Reagents for modification and labelling of oligonucleotides have become ever more popular since these reagents allow synthetic oligonucleotides to be tagged at a variety of positions for a multitude of purposes. Our most popular non-nucleosidic phosphoramidites for modification and labelling are based on two structural types as shown in Figure 1: 1,2-diols and 1,3-diols. Figure 1 also shows BiotinTEG Phosphoramidite, an example of a structure based on a 1,2-diol backbone, and Biotin Phosphoramidite, an example of a 1,3-diol based structure. Products based on a 1,2-diol backbone were first described to allow amino-modification1 and biotin labelling2. Of course, Glen Research was in the forefront of these developments, and rapidly offered products of this type for 3’-amino-modification, as well as a family of products for biotin, cholesterol, DNP and fluorescein labelling. Glen Research also introduced a family of products based on the competing 1,3-diol backbone3, including a support for 3’-amino-modification and phosphoramidites and supports for acridine, biotin and fluorescein labelling.
Technically, the 1,2-diol backbone has some drawbacks relative to the 1,3-diol backbone. As shown in Figure 2, the 1,2-diol backbone can participate in a dephosphorylation reaction since the 1,2-diol can form a favored 5-membered cyclic phosphate intermediate. This reaction is competitive with simple hydrolysis of the protecting groups and leads to some loss of label. However, the degree of loss at the 3’ terminus can be limited by the removal of the cyanoethyl protecting group using DBU or diethylamine prior to the cleavage and deprotection steps. Similarly, loss at the 5’ terminus can be eliminated by retaining the DMT group until the oligo is fully deprotected. Fortunately, the elimination reaction is virtually non-existent in the 1,3-diol backbone since the cyclic intermediate would be a 6-membered ring which is not favored for a cyclic phosphate intermediate.
This large variety of products covering the modification and labelling spectrum addresses most of our customers’ needs. However, recently, several of our IVD customers have requested a new backbone based on a 1,3-diol that would overcome any technical or IP issues surrounding our current products. The goal has been to replace the existing 1,3-diol product line with another of equivalent quality and performance with no IP concerns for IVD developers. At the same time, the new biotin structures should be protected to avoid any branching from the biotin molecule itself. Branching from biotin is not very significant for small-scale synthesis but becomes very significant at the larger synthesis scales required by IVD developers.

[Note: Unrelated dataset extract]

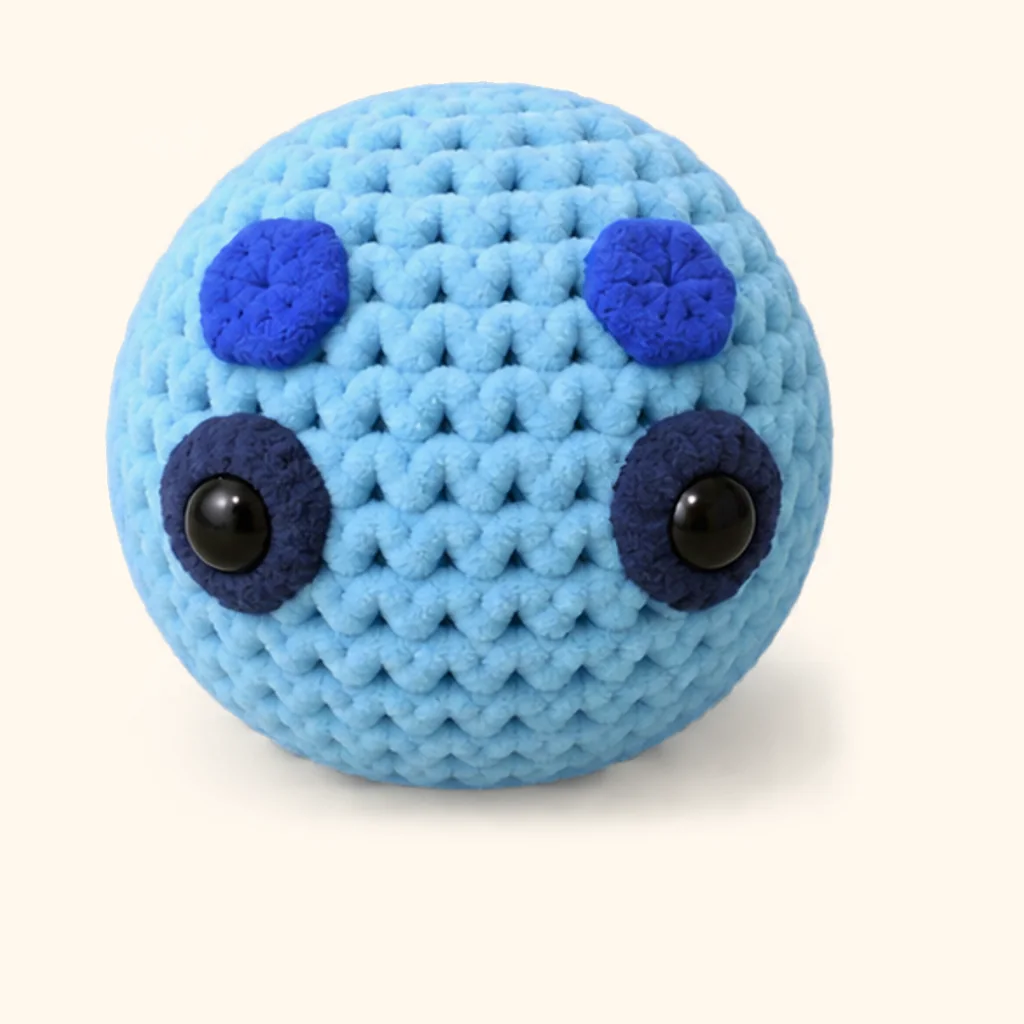 Blueberry turtle crochet assembly: attach the head spots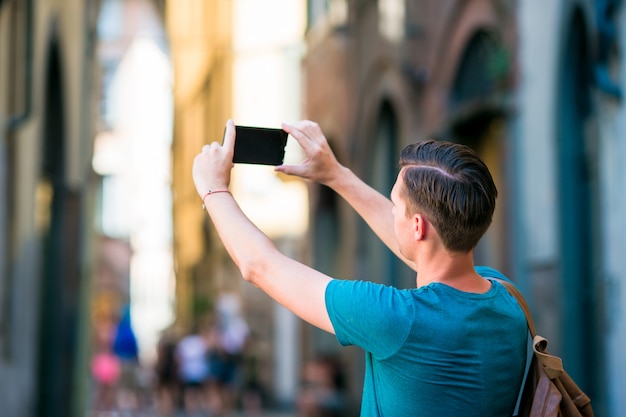 Turista caucásico con smartphone en manos caminando por las estrechas calles italianas en Roma. Joven urbano de vacaciones explorando ciudad europea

Our response is the line of products, shown in Figure 3, based on the serinol backbone. These products have been developed in close collaboration between Glen Research and Nelson Biotechnologies. At this early stage, we are offering phosphoramidites and supports for Amino-Modification, and Biotin and Fluorescein labelling. These products all exhibit the high purity and performance that is standard for all Glen Research products.
Protected Biotin Serinol Phosphoramidite and CPG are protected with a t-butylbenzoyl group on the biotin ring.4 This group is designed to stop any phosphoramidite reactions at this active position in biotin. This protection avoids branching when using nucleophilic activators like DCI. The protecting group is easily removed during oligonucleotide cleavage and deprotection. The BiotinLC versions are similarly protected and should be useful for the synthesis of highly sensitive biotinylated probes. 6-Fluorescein Serinol Phosphoramidite and CPG are designed to prepare oligonucleotides containing one or several 6-Fluorescein (6-FAM) residues. Amino-Modifier Serinol Phosphoramidite and CPG are used to add amino groups into one or several positions in oligonucleotides. The amino group is protected with Fmoc, which may be removed on the synthesis column prior to solid-phase conjugation to the amino groups, or which may be removed during deprotection for subsequent solution phase conjugation to the amino groups. Further products based on this novel serinol-derived linker may be added in the future.